Understanding and Tuning Ionic Transport and Electrochemical Reactions on Air Electrodes of Solid Oxide Fuel Cells at the Nanoscale
In this dissertation, there are three topics including nanoscale engineering effects on cathodes for intermediate-temperature solid oxide fuel cells, effects of mechanical and electrical application on atomic force microscopy, and ionic diffusivity and mobility study of oxygen reduction/evolution reaction by nanoscale in situ characterization via atomic force microscopy. Their abstracts are listed below.
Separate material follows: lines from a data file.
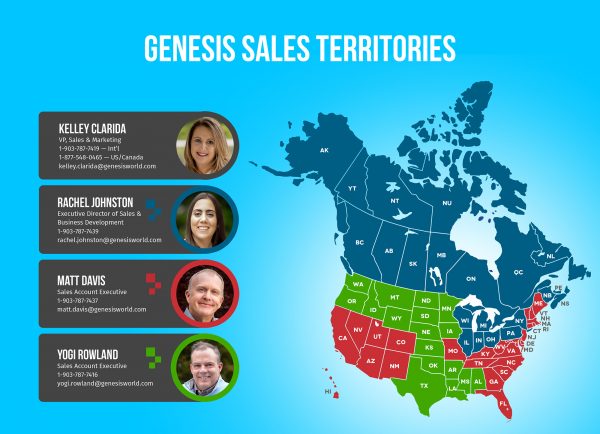 Genesis Sales Map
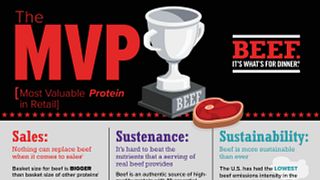 Most Valuable Protein Infographic - Retail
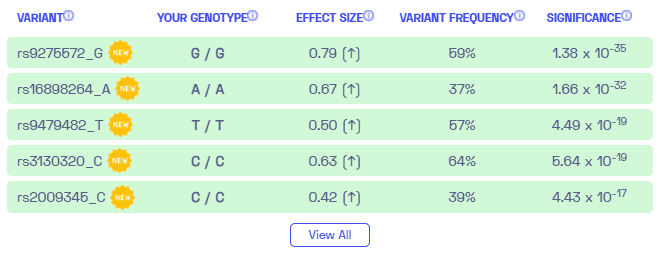 Sample variants on alopecia from Nebula Genomics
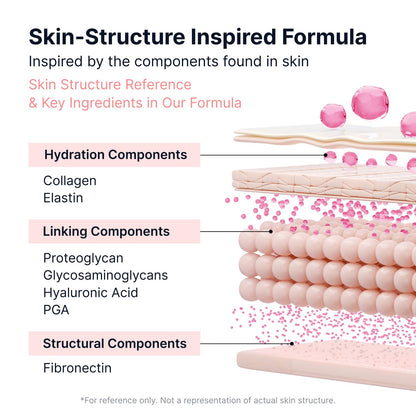SUNGBOON EDITOR Glow Intensive PDRN Ampoule, Copper Peptides & Vitamin B12 Serum for Face with Collagen & Multi Peptides & 10 Hyaluronic Acids | Korean Skincare Serum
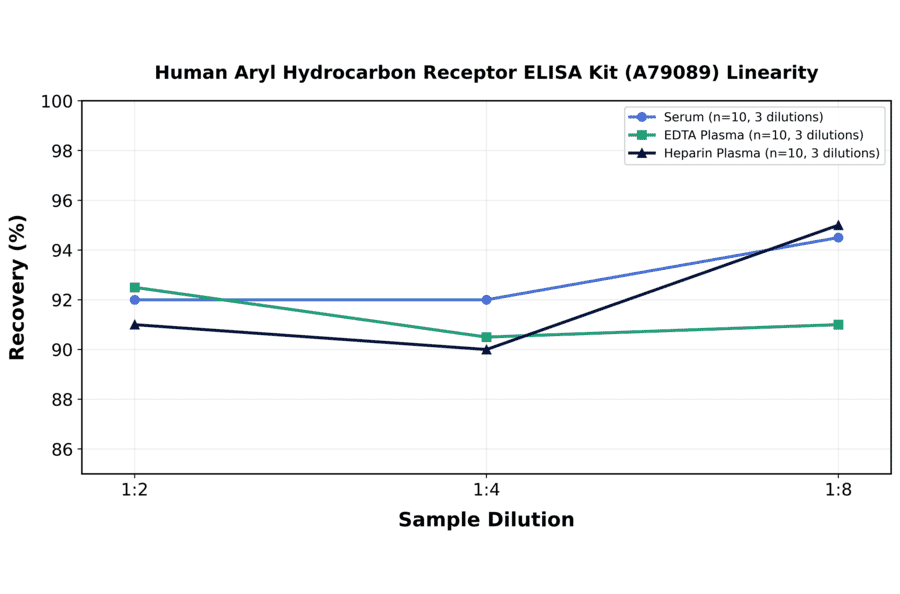 Linearity - Human Aryl Hydrocarbon Receptor ELISA Kit (A79089) - Antibodies.com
Topic I: The impact of various infiltrates on the kinetics and rate-limiting step of oxygen reduction reaction (ORR) is examined with LaNi0.6Fe0.4O3-δ (LNF) as the cathode backbone of solid oxide fuel cells (SOFC). Multiple materials were infiltrated on the backbone. The dependencies of electrode polarization resistance on the precursor concentration, temperature, and oxygen partial pressure are presented, and related discussions are made to interpret the differences in ORR kinetics and the rate-determining step for ORR.
Topic II: Conductive atomic force microscopy (CAFM) has been widely employed to study the localized electrical properties of a wide range of substrates in non-vacuum conditions by the use of noble metal-coated tips. In this topic, the impact of mechanical and electrical stimuli on the apex geometry of gold-coated tips and electrical conduction properties at the tip-substrate contact is discussed by choosing gold and highly-ordered pyrolytic graphite as the representative tip and substrate materials, respectively.
Topic III: The ionic transport in solid oxides after becoming thermally activated is understood as hopping to point defects (i.e. oxygen vacancies), and the kinetics behind it are highly dependent upon the bonding state of the ionic species with their surrounding lattice environment. In this study we report the findings of our recent efforts to directly observe ionic transport in SrTiO3 (STO) and Y2O3-stabilized ZrO2 (YSZ)–the most widely used cathode material in intermediate temperature SOFC–by use of Kelvin probe force microscopy (KPFM) and conductive atomic force microscopy (CAFM).